(The records)
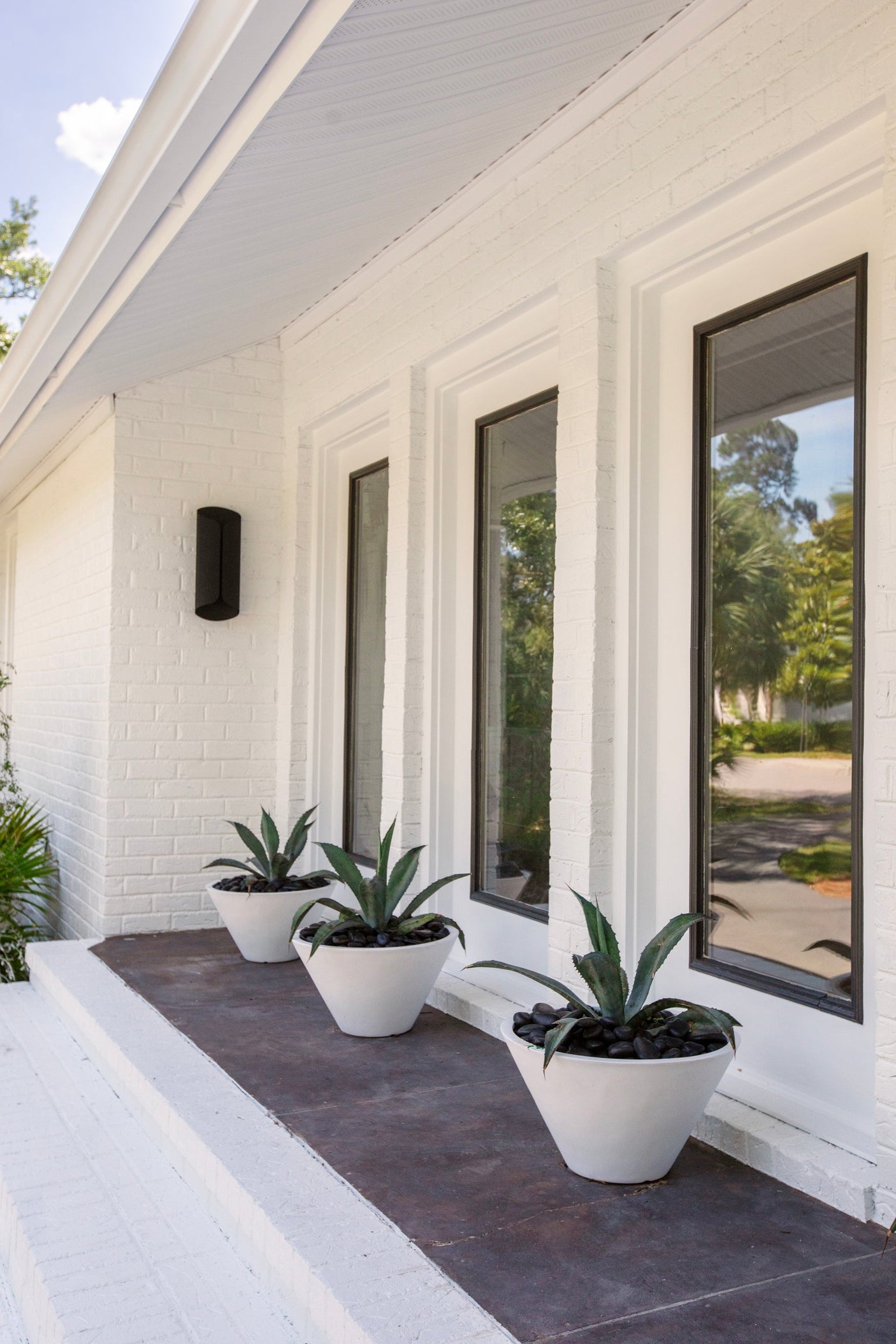 cole-exterior-wall-sconce-B2220-TBK-4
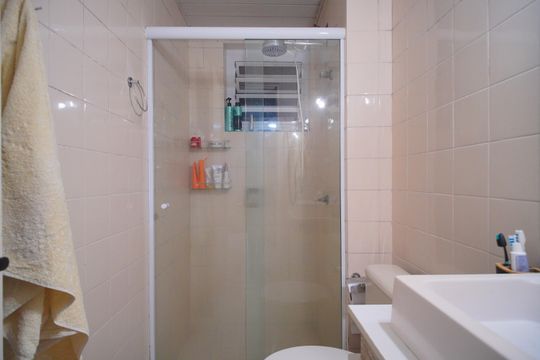 Banheiro de apartamento à venda com 2 quartos, 51m² em Centro, Canoas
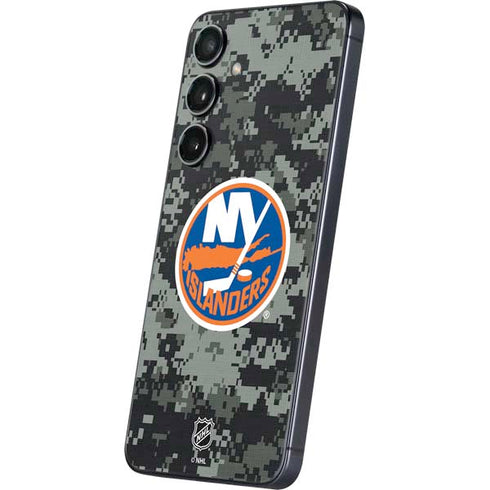NHL New York Islanders Camo Galaxy S24 Plus Skin
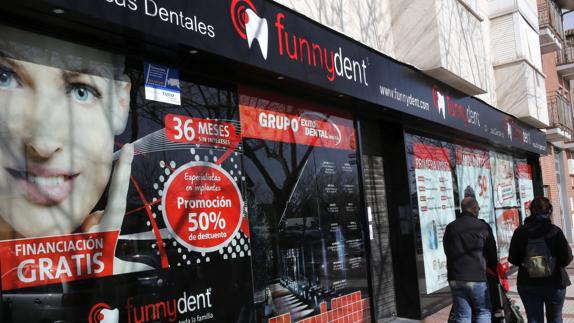 Las clínicas de Funnydent reabrirán para dar tratamiento a los afectados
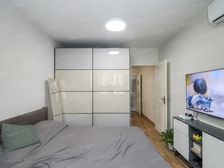静安寺商圈旁,拎包入住,一梯三户,闹中取静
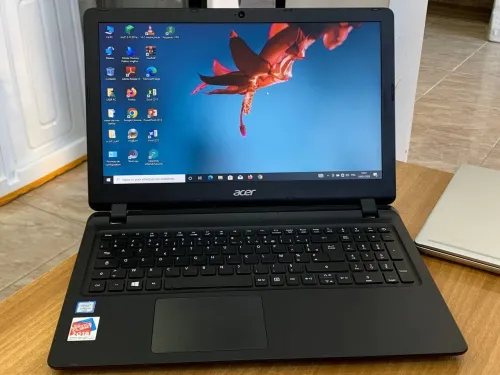 ACER EXTENSA 2540 / INTEL I3 6EME / 8G / 128 SSD / 15.6 ETAT NEUF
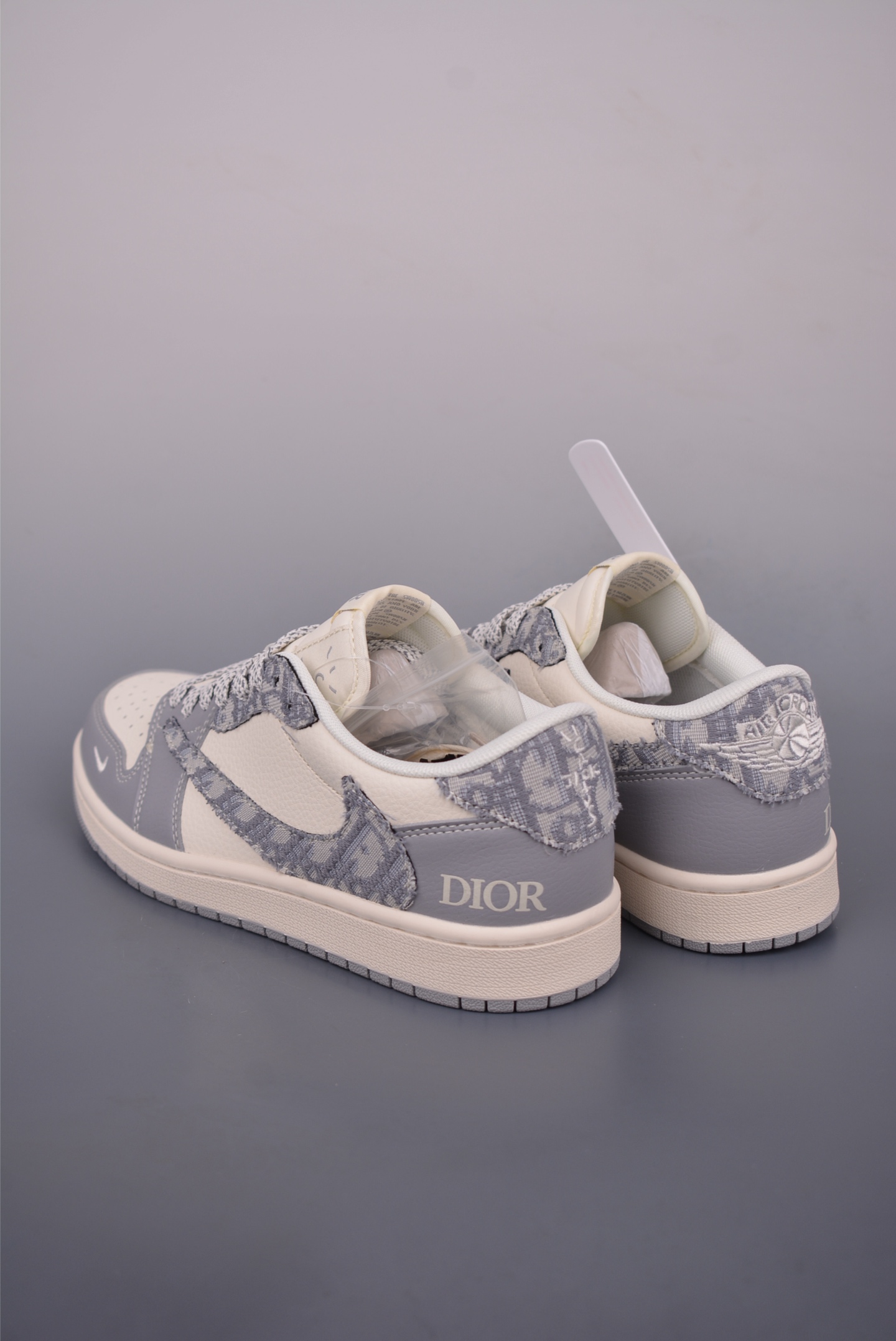 Fragment x Travis Scott x Dior Air Jordan 1 Low Sneakers - Limited Edition 2 i1751060918316 5739 0 1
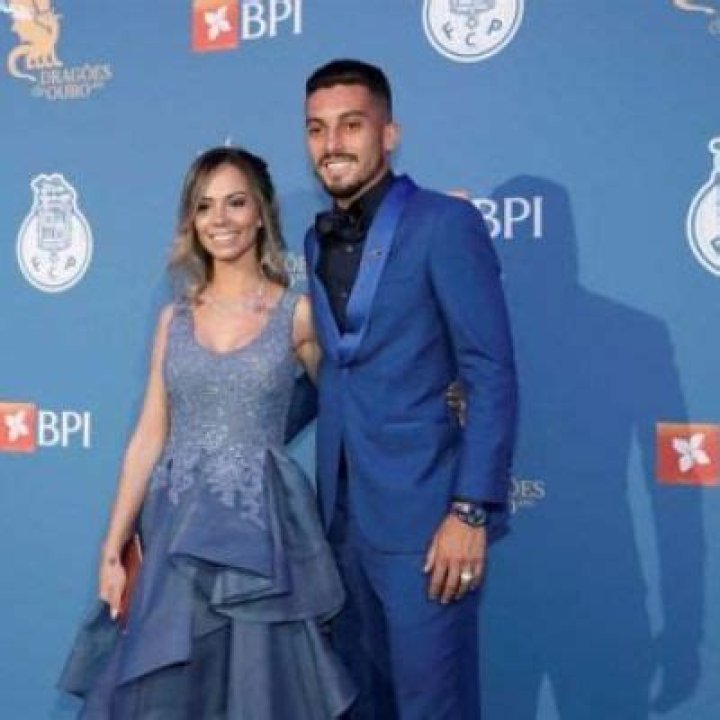 Priscila Minuzzo- All About The Ex-Wife Of Alex Telles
(End The records)
Your instructions: Restate all of the material word for word, leaving every picture out.

Response:
 cole-exterior-wall-sconce-B2220-TBK-4
 Banheiro de apartamento à venda com 2 quartos, 51m² em Centro, Canoas
NHL New York Islanders Camo Galaxy S24 Plus Skin
 Las clínicas de Funnydent reabrirán para dar tratamiento a los afectados
静安寺商圈旁,拎包入住,一梯三户,闹中取静
 ACER EXTENSA 2540 / INTEL I3 6EME / 8G / 128 SSD / 15.6 ETAT NEUF
 Fragment x Travis Scott x Dior Air Jordan 1 Low Sneakers - Limited Edition 2 i1751060918316 5739 0 1
 Priscila Minuzzo- All About The Ex-Wife Of Alex Telles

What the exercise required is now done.